## What is expected
Reproduce the records below exactly; the images should not appear.

Image-text web data:
=-=-=

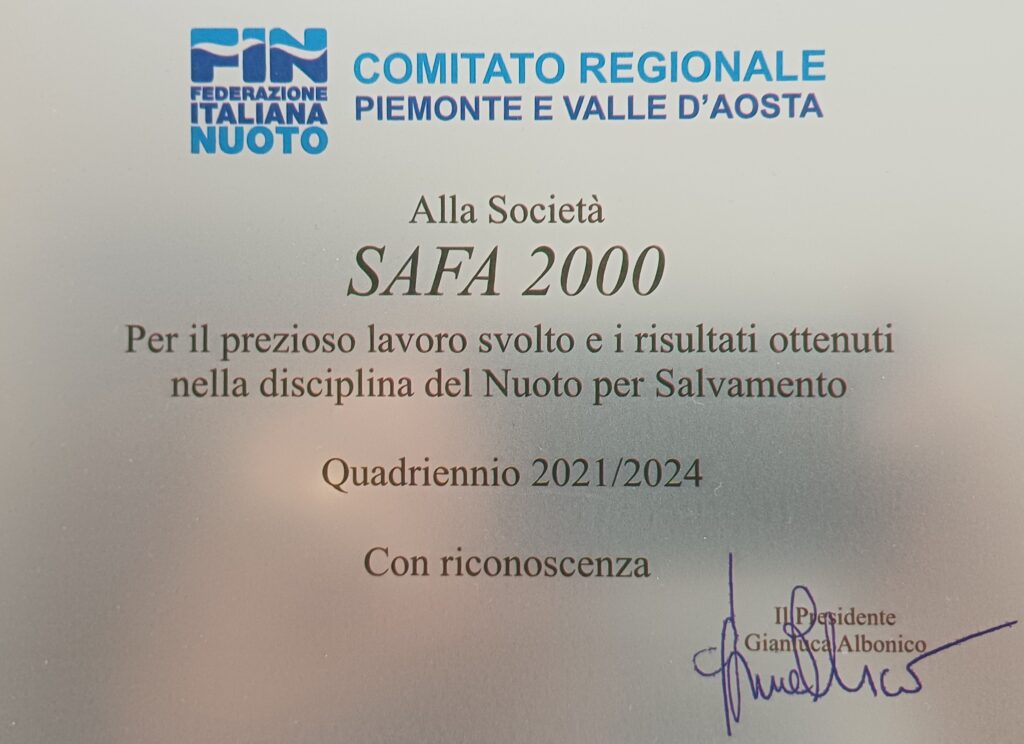 20241001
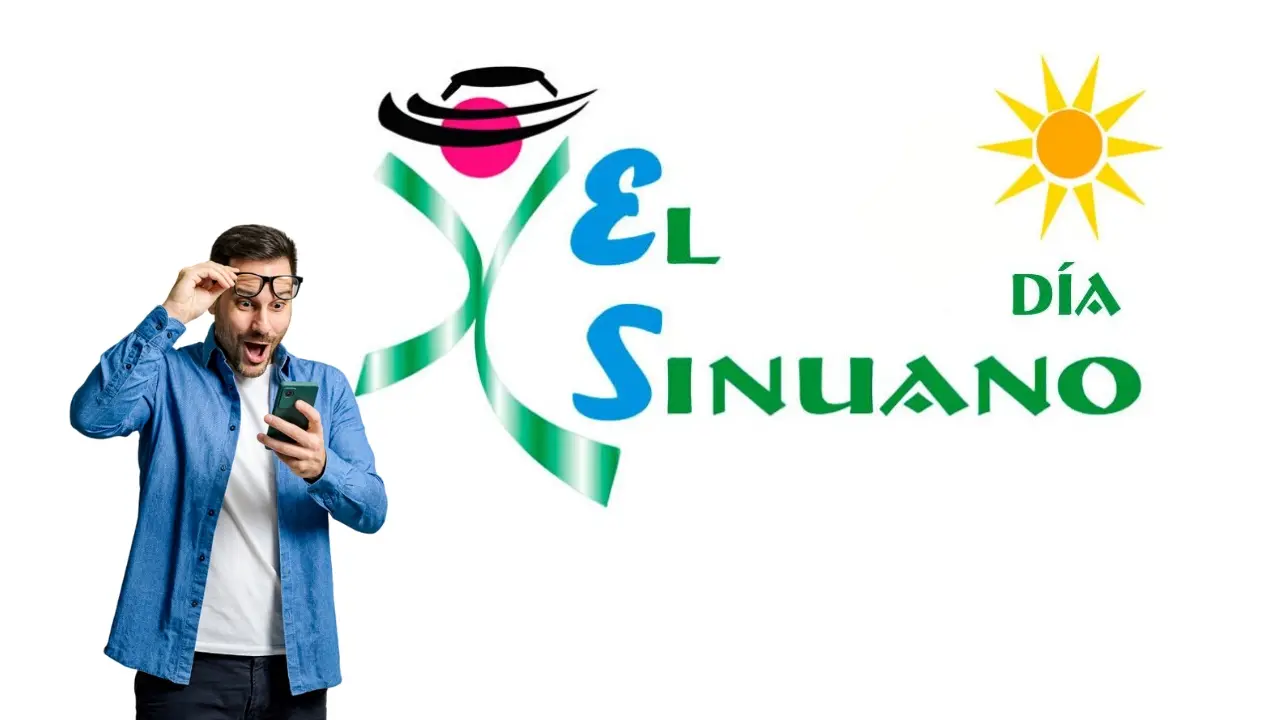 Sorteo del Sinuano Día mantiene su popularidad en Colombia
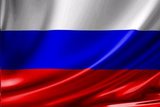 Неизвестные осквернили российский флаг в олимпийской деревне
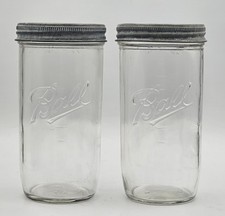 Vintage pair ball for sale  Lake Stevens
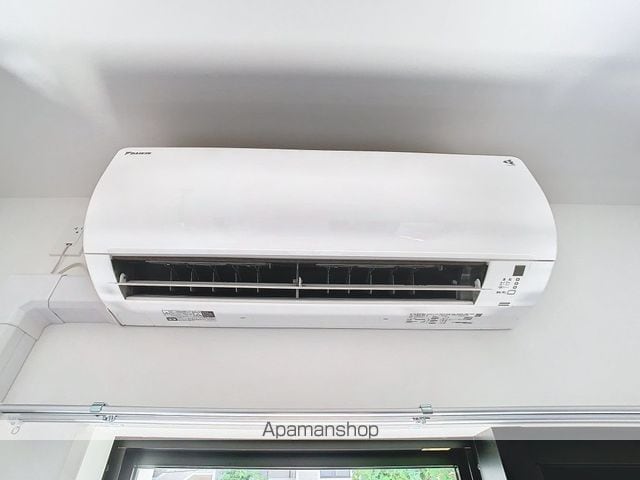 SーRESIDENCE新町AGOGの内装写真
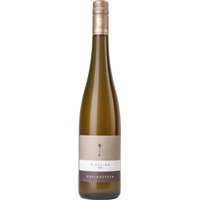 Wagner-Stempel Riesling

=-=-=

## Answer area
 20241001
 Sorteo del Sinuano Día mantiene su popularidad en Colombia
 Неизвестные осквернили российский флаг в олимпийской деревне
 Vintage pair ball for sale  Lake Stevens
 SーRESIDENCE新町AGOGの内装写真
 Wagner-Stempel Riesling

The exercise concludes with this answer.